— Work order —
Leave the pictures aside and copy all the data exactly.

— Information shown —
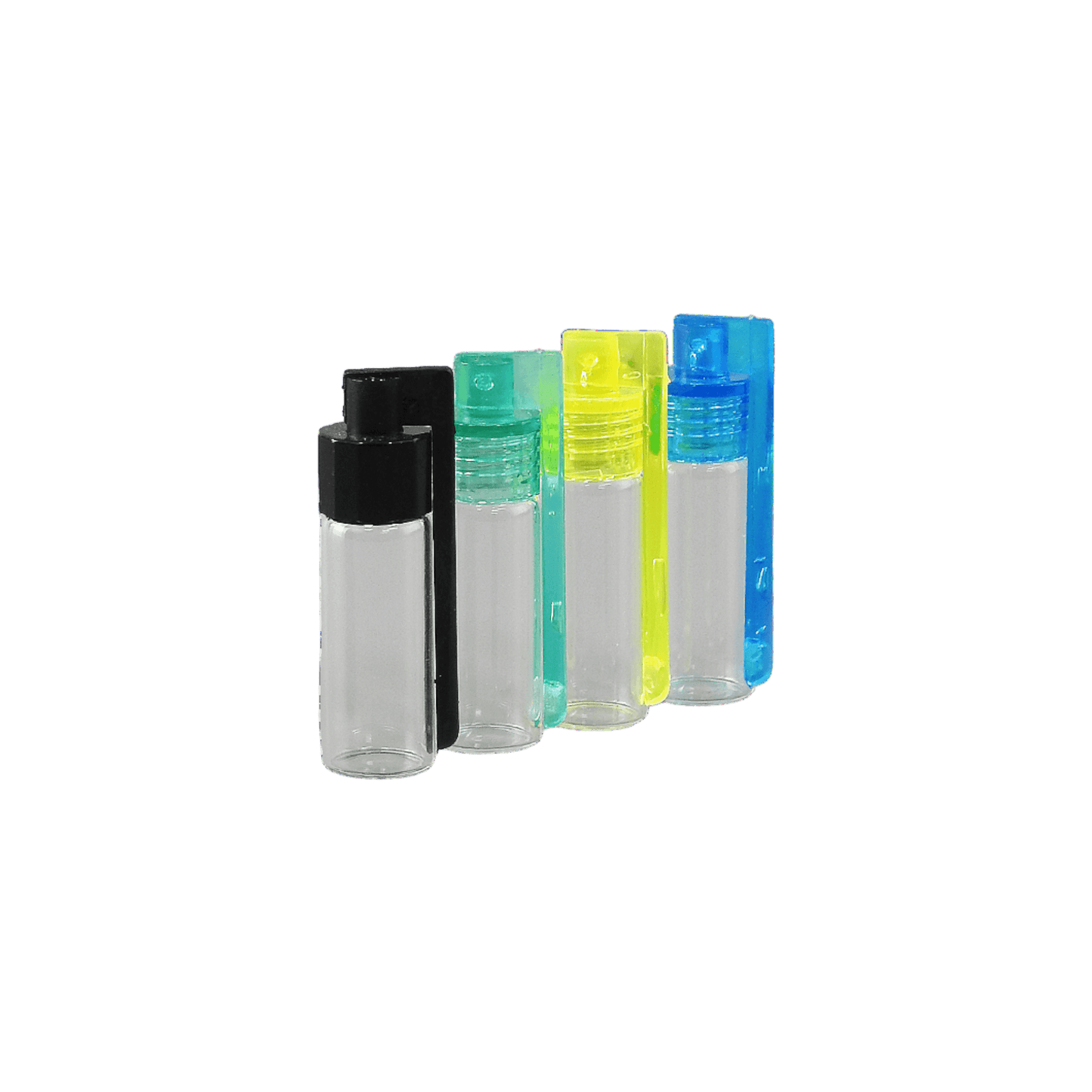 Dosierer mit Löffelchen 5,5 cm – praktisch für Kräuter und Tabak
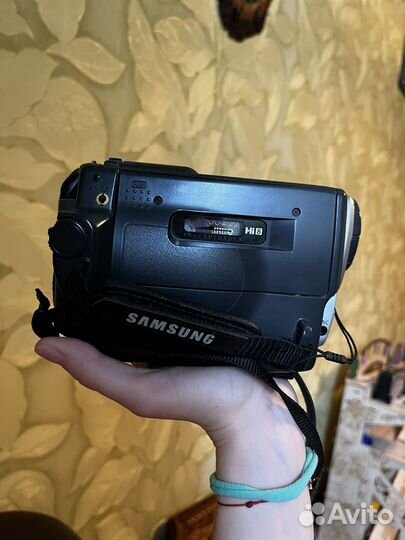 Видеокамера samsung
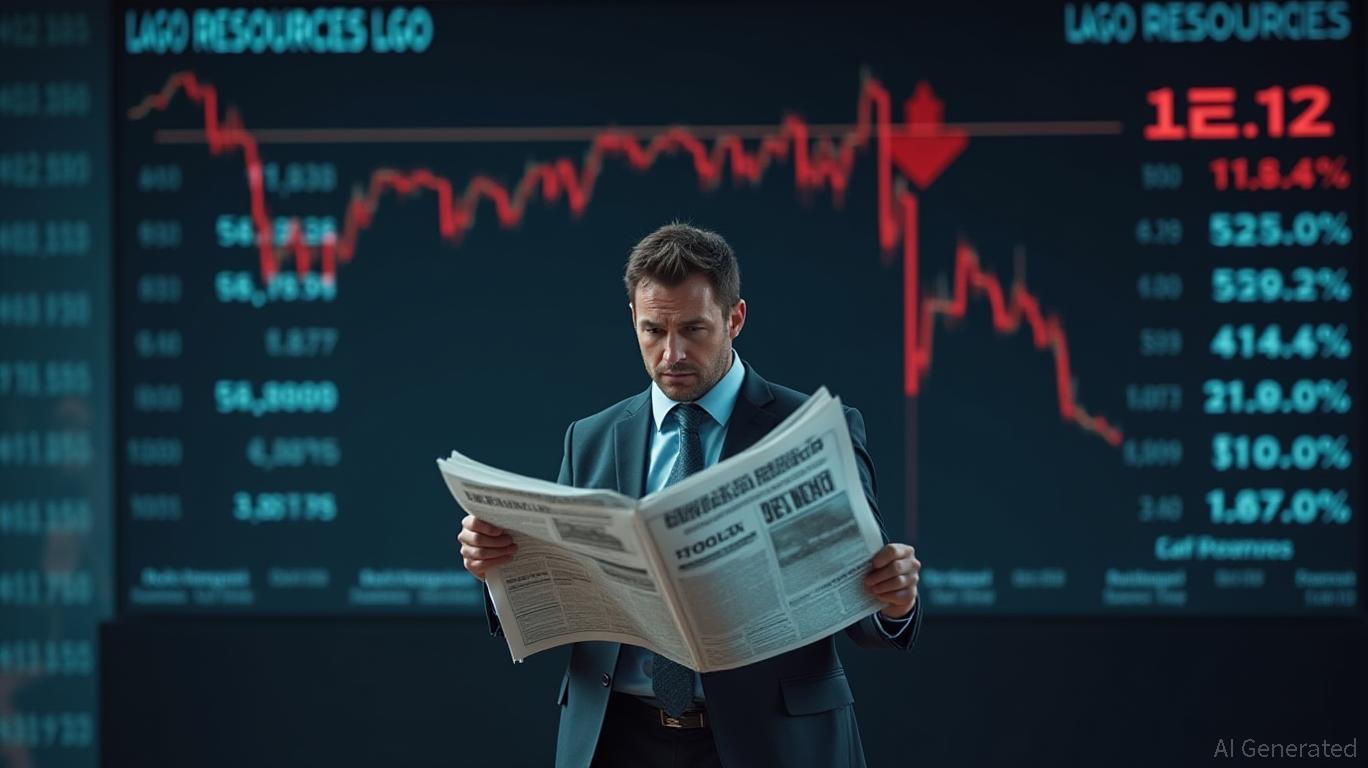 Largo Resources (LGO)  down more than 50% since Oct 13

— Worked solution —
 Dosierer mit Löffelchen 5,5 cm – praktisch für Kräuter und Tabak
 Видеокамера samsung
 Largo Resources (LGO)  down more than 50% since Oct 13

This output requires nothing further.